2 Il parere al quale il Governo fa riferimento, è il parere 414 del 6
agosto 2007 con il quale l’Autorità antitrust prende in esame la disciplina per
i phone center della regione Lombardia.
3 La citata norma dispone che:
“4. L'Autorità ha diritto di corrispondere con tutte le pubbliche
amministrazioni e con gli enti di diritto pubblico, e di chiedere ad essi, oltre
a notizie ed informazioni, la collaborazione per l'adempimento delle sue
funzioni. L'Autorità, in quanto autorità nazionale competente per la tutela
della concorrenza e del mercato, intrattiene con gli organi delle Comunità
europee i rapporti previsti dalla normativa comunitaria in materia”.
4 L’articolo 22 la cui rubrica esplicita l’ambito dell’attività
consultiva del garante antitrust, prevede che:
“1. L'Autorità può esprimere pareri sulle iniziative legislative o regolamentari
e sui problemi riguardanti la concorrenza ed il mercato quando lo ritenga
opportuno, o su richiesta di amministrazioni ed enti pubblici interessati.
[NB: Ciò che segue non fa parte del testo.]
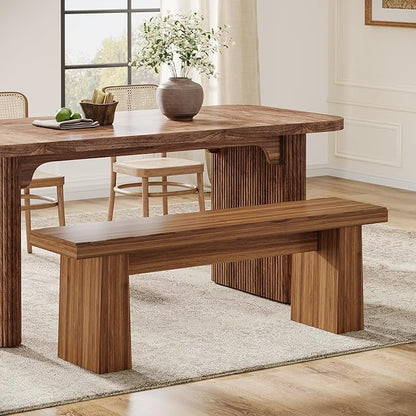 Tribesigns Wooden Dining Bench, 47-Inch Long Kitchen Bench with Sturdy Frame for Dining Room, Entryway, Living Room, Hallway, Easy Assembly (Brown)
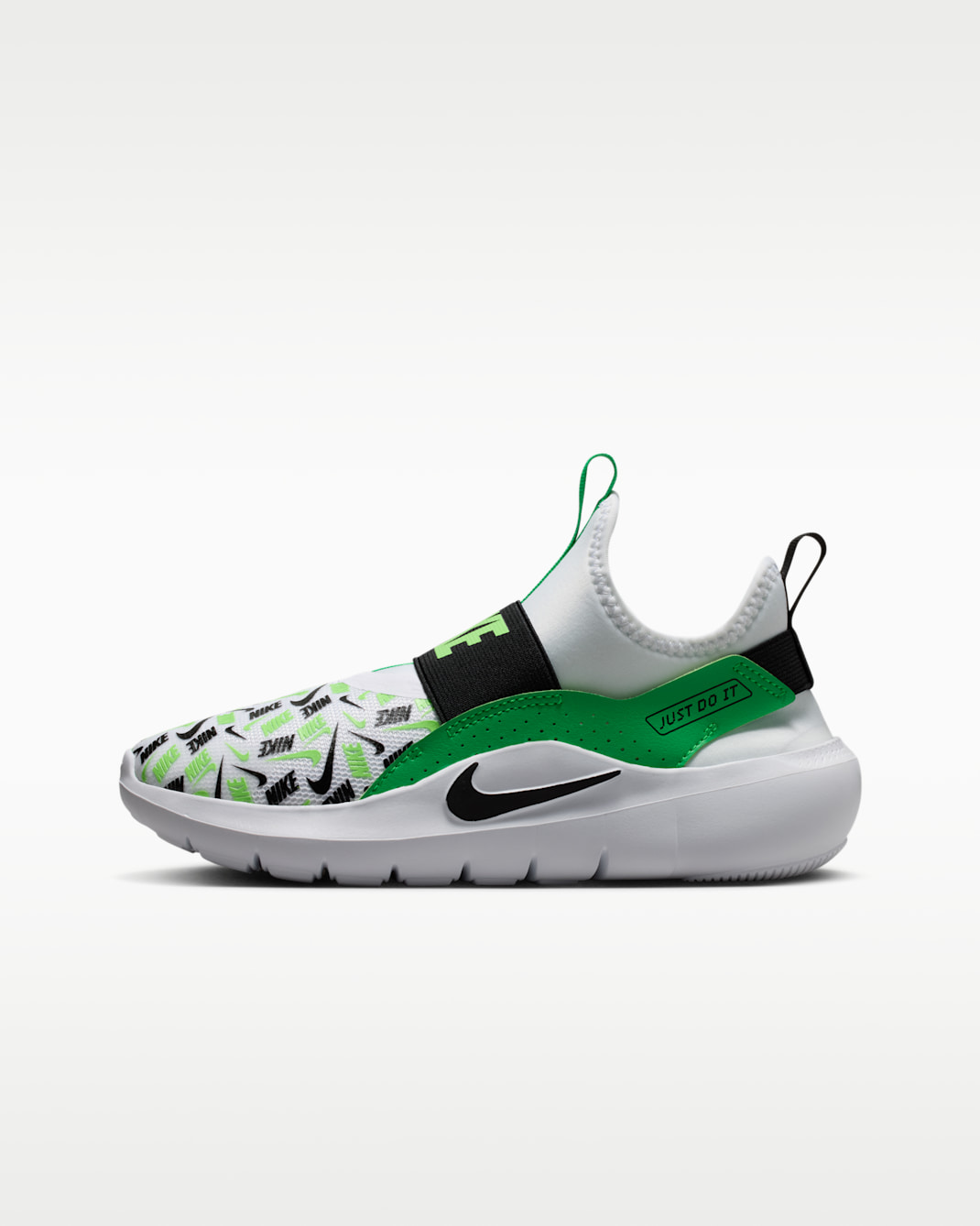 Nike Flex Runner 4 Older Kids' Shoes - White/Green Spark/Illusion Green/Black
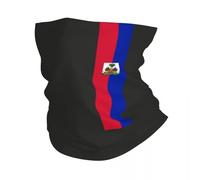 Chaleur d’hiver, Drapeau Personnalisé D’Haïti Rayure Hiver Bandeau Cou Cache-Cou Hommes Randonnée Chasse Tube Écharpe Haïtien Patriotique Face Bandana Gaiter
Il
Presidente del Consiglio dei Ministri può chiedere il parere dell'Autorità sulle
iniziative legislative o regolamentari che abbiano direttamente per effetto:
a) di sottomettere l'esercizio di una attività o l'accesso ad un mercato a
restrizioni quantitative;
b) di stabilire diritti esclusivi in certe aree;
c) di imporre pratiche generalizzate in materia di prezzi e di condizioni di
vendita.”
5 In tale occasione, l’Autorità così si è espressa: “L’Autorità
vuole, altresì, sottolineare come non sia accettabile che in sede interpretativa
si proceda a circoscrivere la portata di una legge nazionale, che, nel caso di
specie, ha voluto favorire la promozione di assetti maggiormente competitivi in
tutto il settore della distribuzione commerciale, eliminando limiti e
prescrizioni restrittivi della concorrenza, coerentemente con gli obiettivi di
liberalizzazione e di apertura alla competizione perseguiti dalla riforma.
L’interpretazione fornita dalla Risoluzione ministeriale, peraltro, si pone in
evidente contrasto con la lettera dello stesso articolo 3 della legge n.
248/2006, che espressamente include nel proprio ambito di applicazione sia le
attività commerciali individuate dal dlgs n. 114/1998 che le attività di
somministrazione di alimenti e bevande. Al riguardo rileva, infatti, la
circostanza per cui, stando al testo della legge, l’esclusione delle attività di
somministrazione di alimenti e bevande dalla applicazione di alcune delle
esenzioni introdotte dall’articolo 3 rappresenta un’eccezione, che è stata di
volta in volta esplicitata dal legislatore, ed in ogni caso non riguarda i
limiti quantitativi di cui al punto d) di cui trattasi. In conclusione,
l’Autorità auspica un intervento tempestivo del Ministero dello Sviluppo
Economico a favore di una lettura della disposizione normativa in parola
coerente con la lettera dello stesso articolo 3 della legge n. 248/2006 ed in
linea con lo stesso spirito della legge Bersani.”